* WHAT YOU NEED TO DO *
Could you restate the entries below word for word and leave out the pictures?

* LISTED RECORDS *
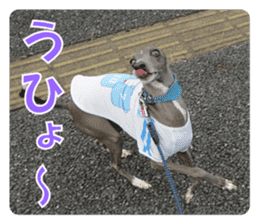 Sign Dog Ral 2 sticker #14883384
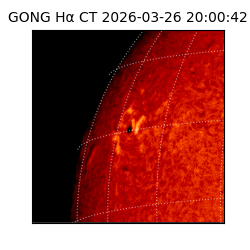 gong - 2026-03-26T20:00:42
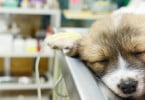 Ruído pode afetar qualidade da sedação dos cães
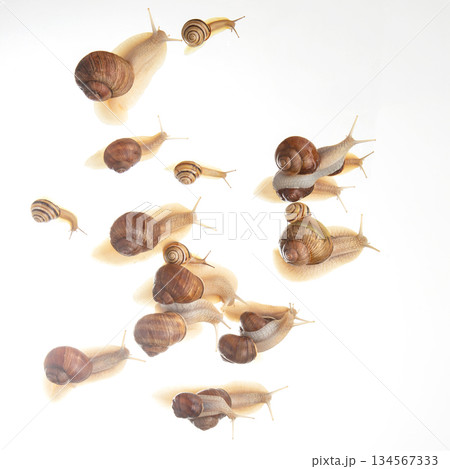snails crawl in a group on a white background. Animal world in nature. snails crawl in a group on a white background. Animal world in nature. 134567333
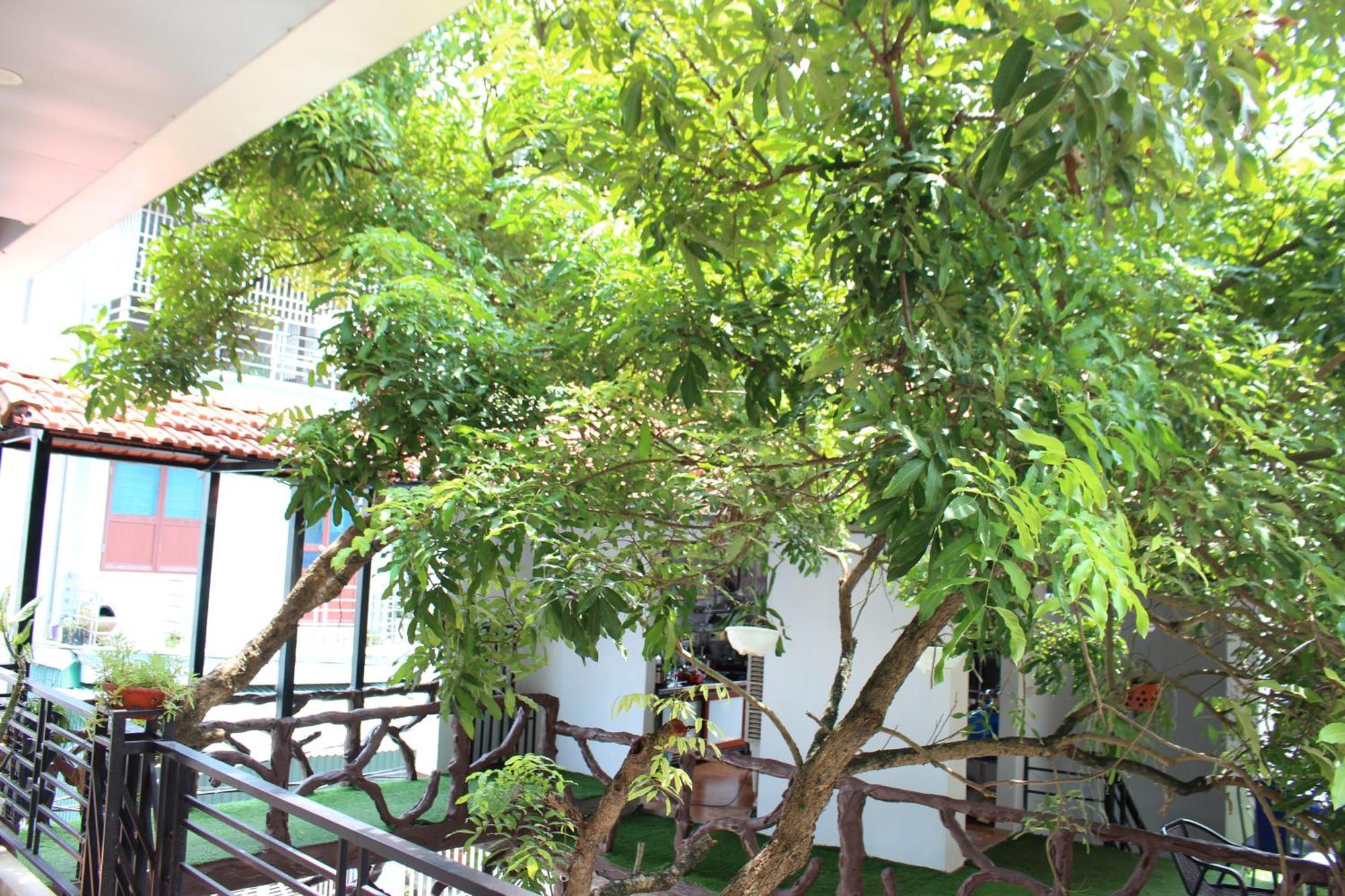 Khai Yen Tam Coc Hostel Ninh Binh Luaran gambar
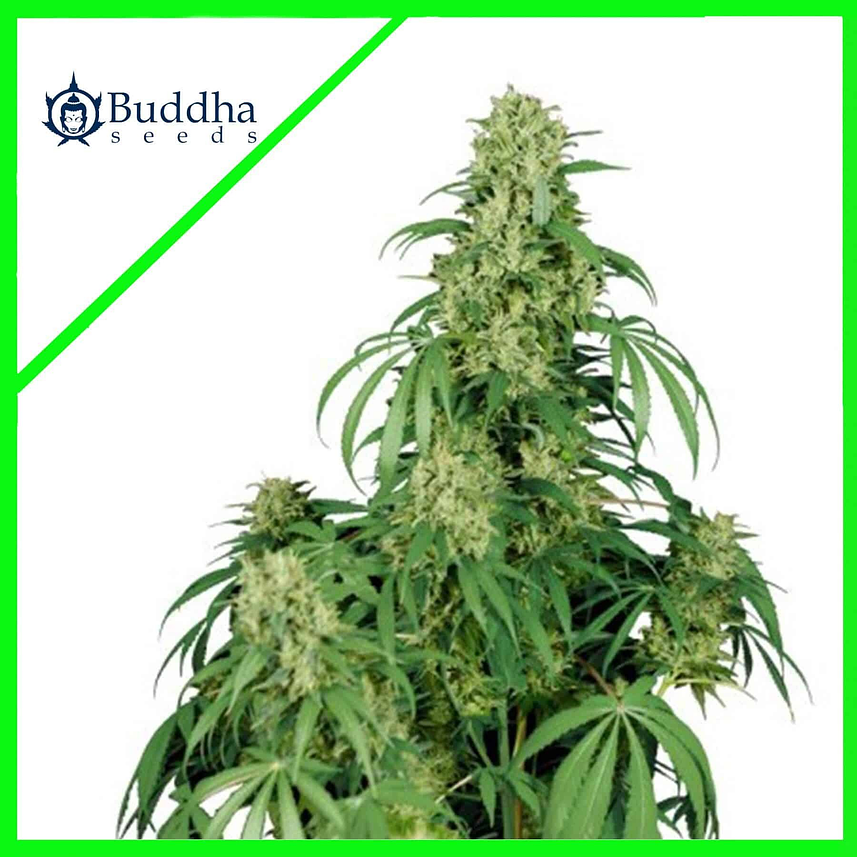 CALAMITY JANE AUTO X3+1-BUDDHA SEEDS 1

* SOLUTION *
 Sign Dog Ral 2 sticker #14883384
 gong - 2026-03-26T20:00:42
 Ruído pode afetar qualidade da sedação dos cães
snails crawl in a group on a white background. Animal world in nature. snails crawl in a group on a white background. Animal world in nature. 134567333
 Khai Yen Tam Coc Hostel Ninh Binh Luaran gambar
 CALAMITY JANE AUTO X3+1-BUDDHA SEEDS 1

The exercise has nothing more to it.